Input material:
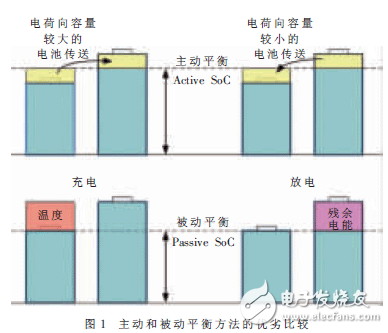 適用于混能及全電動汽車的電池管理系統(tǒng)設(shè)計(jì)方案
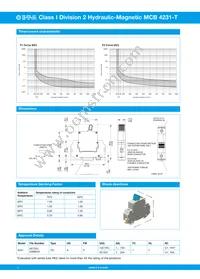 4231-T110-K0F1H-15A Datasheet Page 2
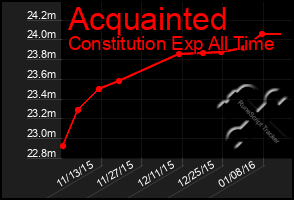 Total Graph of Acquainted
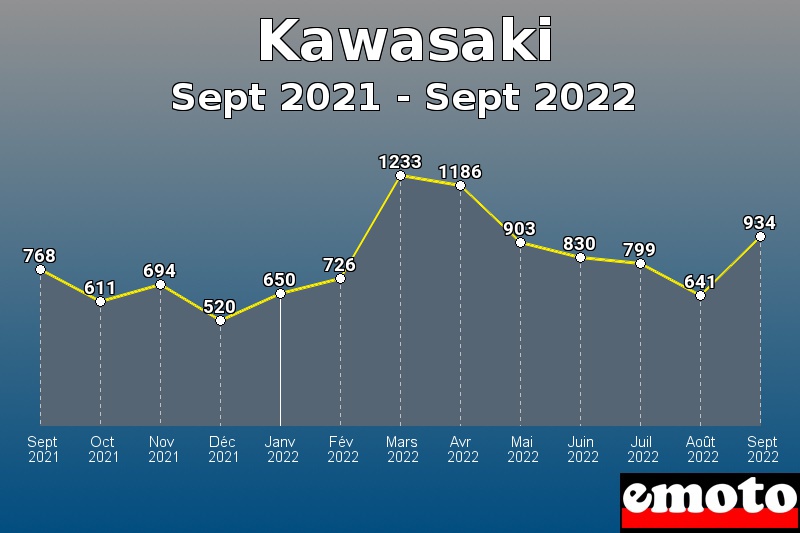 Volumes des immatriculations Kawasaki de sept 2021 à sept 2022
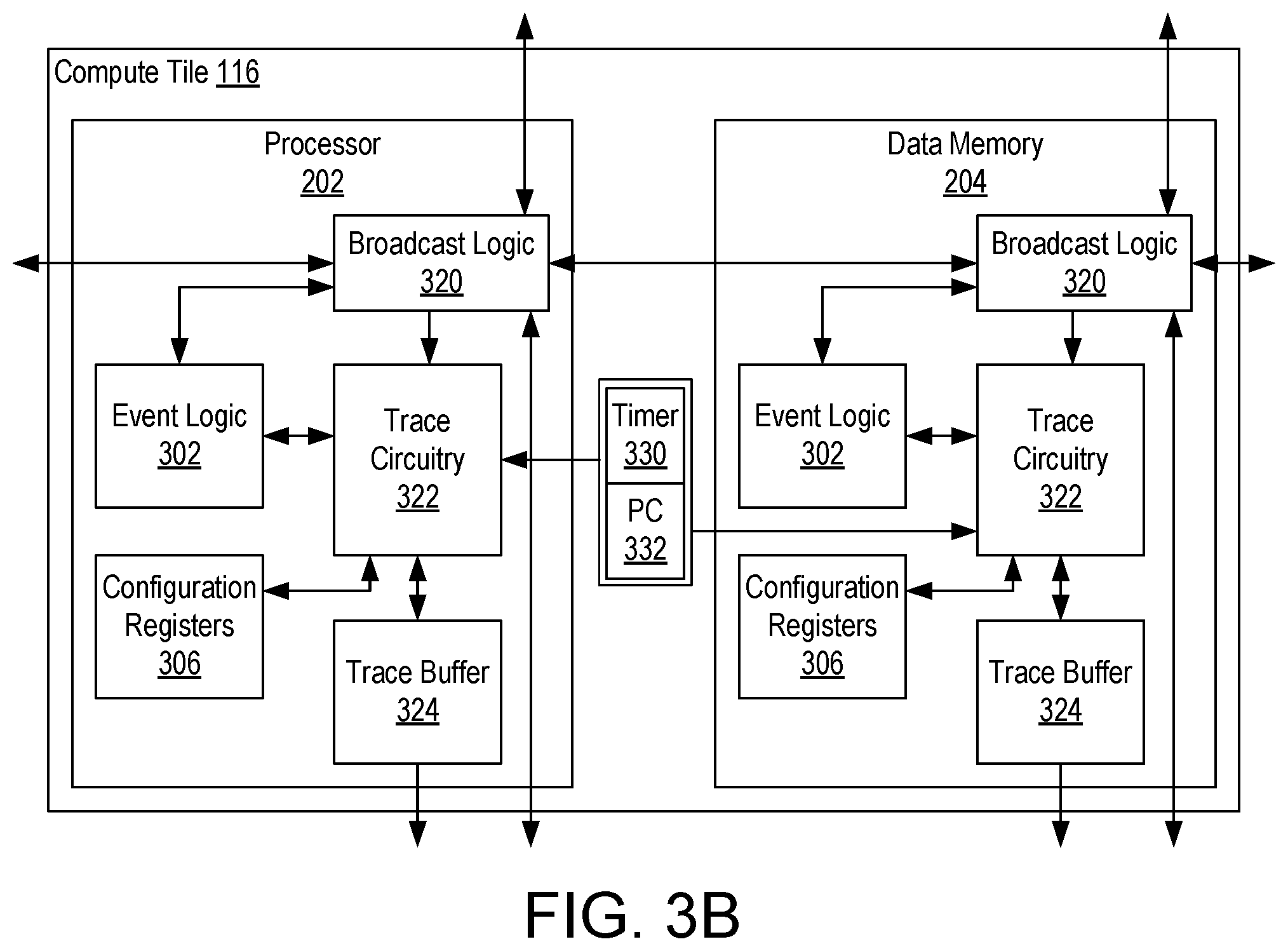 Patent US12314735 Figure 5 – Data processing array event trace and profiling using processor system executed kernels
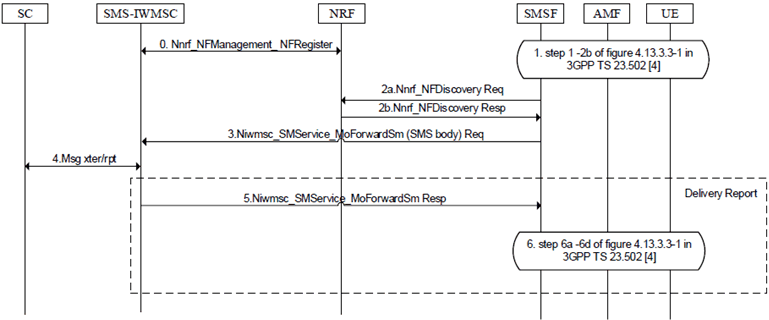 Copy of original 3GPP image for 3GPP TS 23.540, Fig. 5.2.2-1: Procedures for successful SBI-based SM MO message transfer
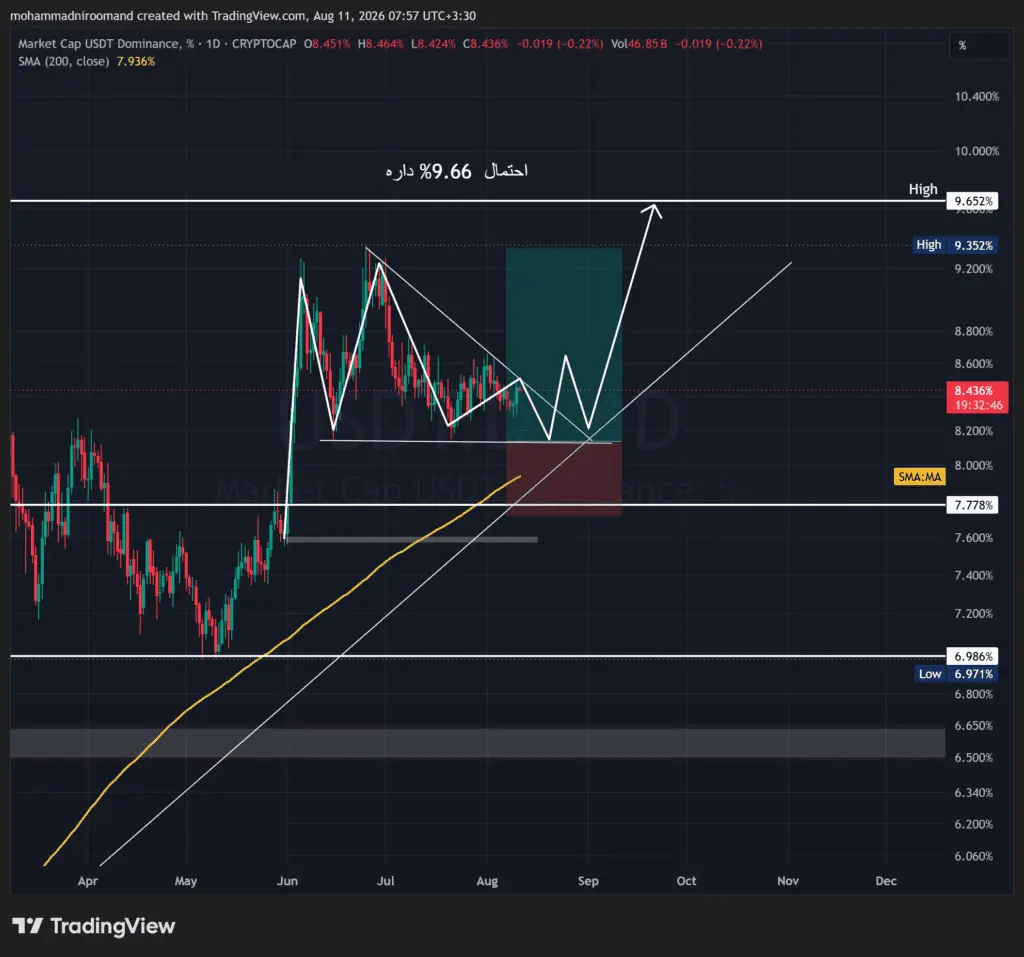 تحلیل USDT 2026-08-11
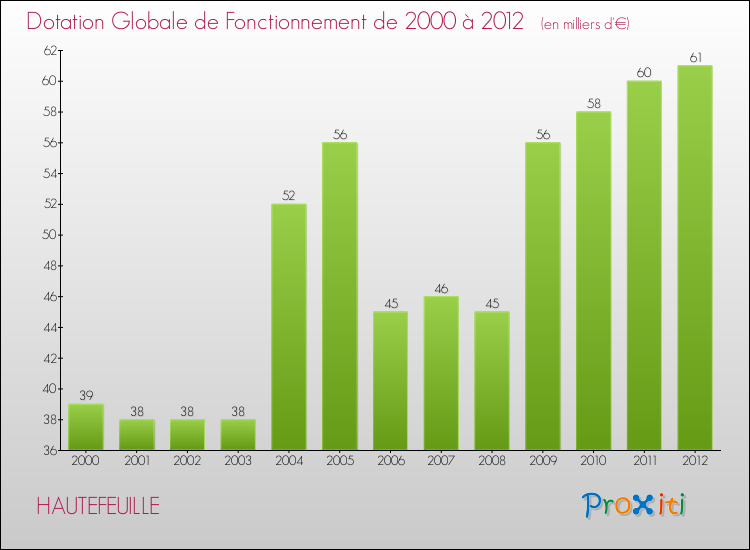 Evolution du montant de la Dotation Globale de Fonctionnement pour la commune de HAUTEFEUILLE de 2000 à 2012 Evolution du montant de la Dotation Globale de Fonctionnement pour HAUTEFEUILLE de 2000 à 2012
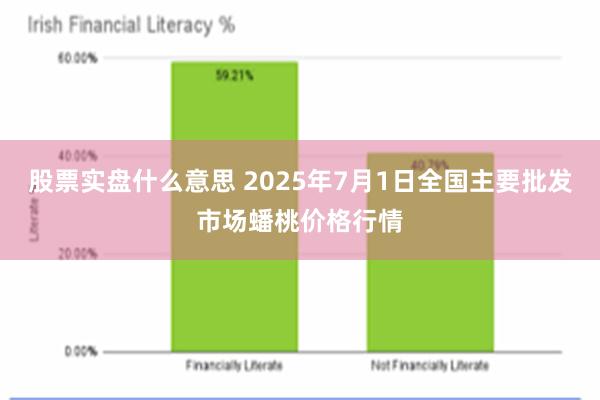 股票实盘什么意思 2025年7月1日全国主要批发市场蟠桃价格行情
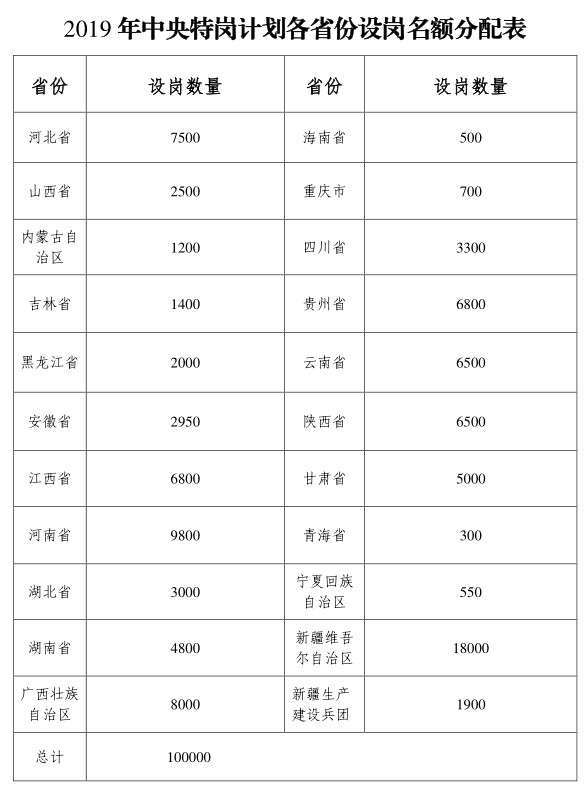 2019年全國(guó)特崗教師計(jì)劃招10萬名，各省分配表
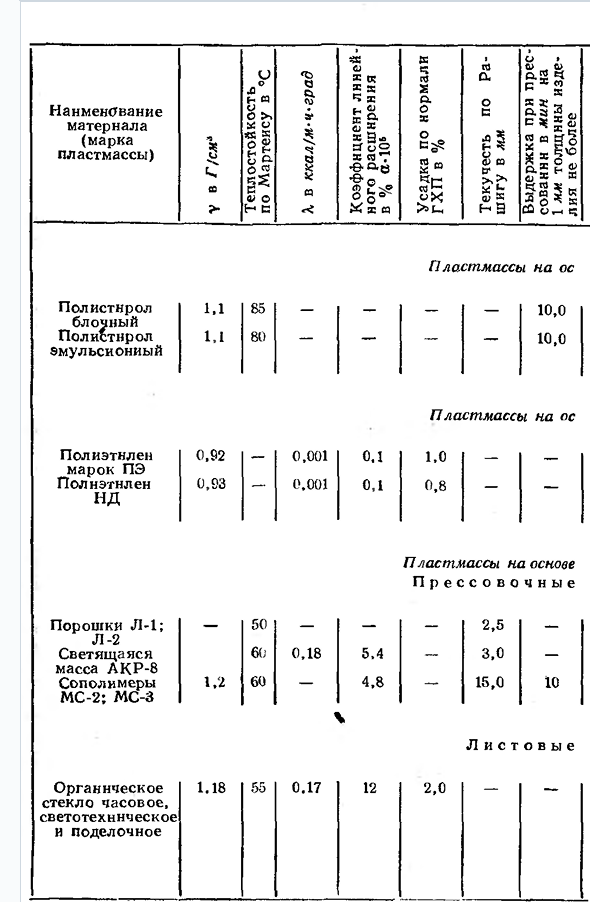 Неметаллические материалы пластмассы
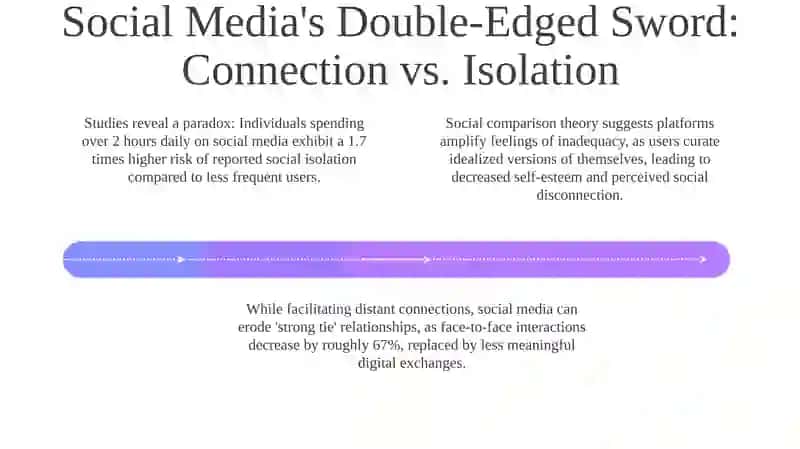 The influence of technology on interpersonal relationships 4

What you are asked to do: In your copy of the material, every word must match and no image should appear.

Output for this task:
 適用于混能及全電動汽車的電池管理系統(tǒng)設(shè)計(jì)方案
 4231-T110-K0F1H-15A Datasheet Page 2
 Total Graph of Acquainted
 Volumes des immatriculations Kawasaki de sept 2021 à sept 2022
 Patent US12314735 Figure 5 – Data processing array event trace and profiling using processor system executed kernels
 Copy of original 3GPP image for 3GPP TS 23.540, Fig. 5.2.2-1: Procedures for successful SBI-based SM MO message transfer
 تحلیل USDT 2026-08-11
 Evolution du montant de la Dotation Globale de Fonctionnement pour la commune de HAUTEFEUILLE de 2000 à 2012 Evolution du montant de la Dotation Globale de Fonctionnement pour HAUTEFEUILLE de 2000 à 2012
 股票实盘什么意思 2025年7月1日全国主要批发市场蟠桃价格行情
 2019年全國(guó)特崗教師計(jì)劃招10萬名，各省分配表
 Неметаллические материалы пластмассы
 The influence of technology on interpersonal relationships 4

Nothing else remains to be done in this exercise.